# Site General > Off-topic Cafe > Creative Corner >  Ball python shed buttons :D

## Cargorabbit

My pastel, Sundae had a great shed today and I recently got a button press for xmas so I decided to experiment a bit :^D I don't really care for the highlighter yellow one, and I wish I had thought of using toned paper before I did the head piece one, but there will be more sheds to come in the future so not the end of the world hahah.

Also I made one of my ball python art that I normally sell on my redbubble, I need to get better printer paper for my inkjet though because this is pretty low quality



Let me know what you think! Once I figure out how the hell to run a shop and ship things I'll probably open up a storenvy or etsy (:

----------

_AlexisFitzy_ (09-23-2016),cayley (02-19-2017),_Fraido_ (10-01-2016),SamO (01-15-2016),_SCWood_ (01-15-2016)

----------


## StupidZombie

Omgoodness yes i need buttons of snakes.  The shed ones look amazing. 

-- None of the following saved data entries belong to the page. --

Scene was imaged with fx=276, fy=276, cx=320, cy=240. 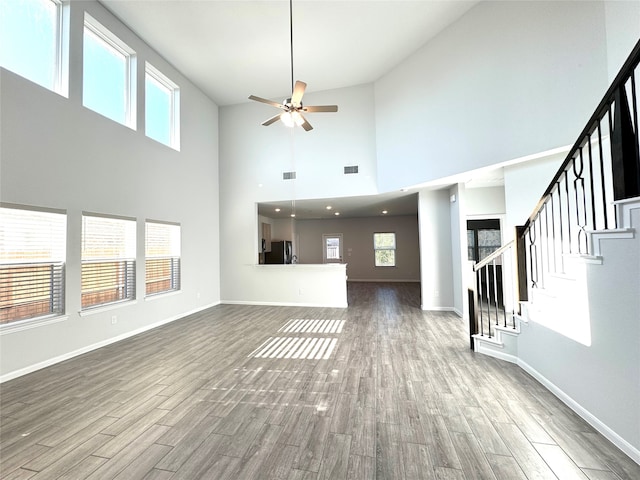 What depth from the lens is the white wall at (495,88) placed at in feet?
10.4

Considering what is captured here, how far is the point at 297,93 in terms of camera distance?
367 centimetres

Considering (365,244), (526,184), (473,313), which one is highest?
(526,184)

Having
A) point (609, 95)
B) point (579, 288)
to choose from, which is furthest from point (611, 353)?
point (609, 95)

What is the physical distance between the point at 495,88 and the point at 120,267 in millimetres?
6343

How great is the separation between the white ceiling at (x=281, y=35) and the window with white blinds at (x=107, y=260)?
3305 mm

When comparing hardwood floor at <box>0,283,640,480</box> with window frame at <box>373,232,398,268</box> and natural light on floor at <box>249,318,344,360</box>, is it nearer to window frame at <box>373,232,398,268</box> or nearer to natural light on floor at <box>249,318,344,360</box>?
natural light on floor at <box>249,318,344,360</box>

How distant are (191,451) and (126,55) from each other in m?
5.96

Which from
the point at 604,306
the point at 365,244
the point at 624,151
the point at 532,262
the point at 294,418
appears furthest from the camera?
the point at 365,244

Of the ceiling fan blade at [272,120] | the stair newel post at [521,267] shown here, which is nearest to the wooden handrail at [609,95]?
the stair newel post at [521,267]

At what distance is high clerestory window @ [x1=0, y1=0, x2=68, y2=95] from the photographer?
10.3 feet

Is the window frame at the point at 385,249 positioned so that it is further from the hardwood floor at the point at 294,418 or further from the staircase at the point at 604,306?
the staircase at the point at 604,306

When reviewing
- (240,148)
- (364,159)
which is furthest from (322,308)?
(240,148)

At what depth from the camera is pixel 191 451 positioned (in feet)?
6.03

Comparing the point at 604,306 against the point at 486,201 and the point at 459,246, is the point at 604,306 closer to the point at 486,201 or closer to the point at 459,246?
the point at 459,246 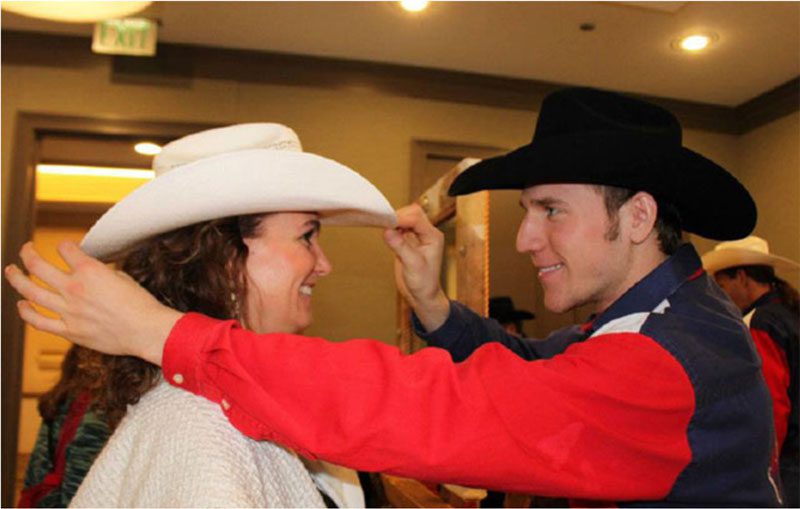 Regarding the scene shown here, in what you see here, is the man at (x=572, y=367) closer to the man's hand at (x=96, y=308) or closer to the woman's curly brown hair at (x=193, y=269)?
the man's hand at (x=96, y=308)

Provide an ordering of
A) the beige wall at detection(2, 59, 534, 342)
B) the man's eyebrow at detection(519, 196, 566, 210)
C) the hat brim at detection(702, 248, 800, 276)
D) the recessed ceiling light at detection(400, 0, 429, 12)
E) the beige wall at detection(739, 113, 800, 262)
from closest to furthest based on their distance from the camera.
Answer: the man's eyebrow at detection(519, 196, 566, 210) < the recessed ceiling light at detection(400, 0, 429, 12) < the hat brim at detection(702, 248, 800, 276) < the beige wall at detection(2, 59, 534, 342) < the beige wall at detection(739, 113, 800, 262)

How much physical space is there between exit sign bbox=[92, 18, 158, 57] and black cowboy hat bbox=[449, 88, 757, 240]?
299cm

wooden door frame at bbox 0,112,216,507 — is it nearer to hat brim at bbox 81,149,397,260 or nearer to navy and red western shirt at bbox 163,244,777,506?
hat brim at bbox 81,149,397,260

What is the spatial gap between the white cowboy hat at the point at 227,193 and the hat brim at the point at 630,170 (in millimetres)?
359

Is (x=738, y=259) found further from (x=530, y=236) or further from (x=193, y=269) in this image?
(x=193, y=269)

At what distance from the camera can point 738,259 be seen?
158 inches

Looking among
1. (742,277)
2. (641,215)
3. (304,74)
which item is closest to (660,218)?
(641,215)

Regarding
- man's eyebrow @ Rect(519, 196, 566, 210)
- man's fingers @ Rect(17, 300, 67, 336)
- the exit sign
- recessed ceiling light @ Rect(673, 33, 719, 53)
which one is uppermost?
recessed ceiling light @ Rect(673, 33, 719, 53)

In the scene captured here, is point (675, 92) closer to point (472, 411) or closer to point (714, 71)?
point (714, 71)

Sent from my SM-G900P using Tapatalk

----------


## Cargorabbit

Also if anyone has some snake sheds they don't want/don't know what to do with, I will gladly take them in exchange for some buttons made with them or some of my snake art. :3

(Though they need to at least be able to span across a 1.8 inch diameter when cut down one side)

----------


## Zincubus

How on earth do you make those shed buttons !?

Idiot guide nothing too complicated  :Smile:

----------


## Cargorabbit

I have a button press. I trace the diameter of the plastic film that goes over the button onto the shed and then just cut them out and then just press all the pieces together with my machine! I'll take pics next time I have some sheds to use. (:

Also here's some more I made with my artwork (which some may have seen from my redbubble/society6 accounts)

I need to fiddle with some of them (such as lightening some of my BP art and repositioning the leo better)

----------

Eavlynn (09-30-2016)

----------


## Zincubus

Well I LOVE the SHED buttons , they look fabulous , so it's the actual skin that's on the button .... Are they coated with something  ??

----------


## wolfy-hound

I can save you some sheds. I might even have some laying about here. The buttons are cool. You should try making a printed button with the shed overlaying it. Maybe it would show through enough to be really cool. 

Or like eyes... shining through the shed.

----------


## Crowfingers

Wow! I really like the head-shed button! So cool. I wish Mashadar's first she'd had been big enough to do something his cool with. I just lamented it on some black paper with his age and date...This is a much more creative idea

----------


## Caspian

I keep all of my snake sheds, dried and tucked away in ziplock bags with the snake and the date of the shed marked on them. The eventual plan is to create a 'growth chart' with them, but if that changes I may look up this thread again... this is a very cool idea.

----------


## Herpo

Those look really good! I could imagine "hippstering" my way through all the local cafes with those lol.

----------


## Cargorabbit

Here's all the buttons I made with one shed of my Irian Jaya Carpet Python I no longer own 



As for if they're coated with anything, I have a little video here: http://cargorabbit.tumblr.com/post/1...on-press-works you can see how I make them  :Very Happy:

----------

_cristacake_ (03-05-2016),dr del (01-18-2016),_Fraido_ (10-01-2016),wolfy-hound (01-17-2016)

----------


## BeksNY

These are so cool! I especially liked the one with the pressed flowers. Are you still making them and if so, can you point me in the right direction to order a few?

----------


## wolfy-hound

They are super cool. I sent some shed and got a few buttons back and I've given a couple away. Everyone thinks they are the bee's knees!! I hope to get some more exotic sheds(like rattlesnake or cobra!) and send those in!

----------


## AlexisFitzy

These are so crazy cool  :Very Happy:  I'd love to stick these buttons all over the place! 


Sent from my iPhone using Tapatalk

----------


## Meerna

I just got a perfect shed from my pastel and immediately remembered this thread, are you still doing these buttons?

----------


## Fraido

OP needs to come back! These are too cool.

Sent from my LG-H812 using Tapatalk

----------